Nusrat Ghani has left the role of construction minister following a reshuffle.

The 51-year-old MP for Wealden has been named as minister for Europe at the Foreign, Commonwealth and Development Office.

The appointment ends a 16-month spell in charge of construction, a brief she was appointed to within weeks of Rishi Sunak becoming prime minister in 2022.

Her latest move raises the prospect of a 25th incumbent of the key building sector oversight role this century, going back to Nick Raynsford under Tony Blair.

Just hours before her departure was announced, Ghani conceded at an industry event that the revolving door in Whitehall “isn’t helpful”.

“We’ve talked about having consistent regulation and legislation, particularly for the pipeline of work,” she said on Tuesday morning (26 March).

“The challenge within government… it has been pretty tricky at the top, which means that policies can change when ministers change, which isn’t helpful at all for protecting the confidence to invest in the long-term.”

She added: “It is important, when it comes to politics, in the run-up to elections whether local or regional or national, [that] issues about construction do have a bearing, because people see what happens locally.”

Later she told industry representatives: “I hope in me you have had a champion.”

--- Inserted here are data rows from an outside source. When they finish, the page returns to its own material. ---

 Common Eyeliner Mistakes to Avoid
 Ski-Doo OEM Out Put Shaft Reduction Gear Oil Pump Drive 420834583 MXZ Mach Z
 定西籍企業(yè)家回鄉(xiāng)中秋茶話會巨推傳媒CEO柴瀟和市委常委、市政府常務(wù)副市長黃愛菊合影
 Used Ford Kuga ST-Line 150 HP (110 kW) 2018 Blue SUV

Ghani was also co-chair of the Construction Leadership Council (CLC), a body she had a chequered history with.

She wrote a foreword to a report published by the council last autumn that conspicuously failed to mention the study’s critical verdict on energy-efficiency efforts.

Meanwhile, her co-chair at the CLC, Mace chief executive Mark Reynolds, said last July the government had “lost its love for construction”.

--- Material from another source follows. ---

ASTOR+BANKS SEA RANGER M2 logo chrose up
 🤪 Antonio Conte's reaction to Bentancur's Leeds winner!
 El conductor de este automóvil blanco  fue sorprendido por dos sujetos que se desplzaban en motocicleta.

Last March it emerged that Ghani had not met with Reynolds in her first four months in the role.

Kevin Hollinrake was handed a ministerial portfolio in the business department as Ghani left, but the government has not confirmed whether he will be responsible for construction.

Hollinrake was named in an email from a Kingspan employee that was read out at the Grenfell Inquiry in 2020, with the cladding company denying that the communication indicated an attempt to mislead MPs about fire risk.

Alasdair Reisner, chief executive of the Civil Engineering Contractors Association, said: “In recent years industry has significantly strengthened its relationships with government, with the construction minister acting as a key contact between Westminster and our sector.

“We anticipate that Nusrat Ghani MP’s successor will be announced shortly, and we look forward to working with them to continue work to drive policy for a better construction industry.”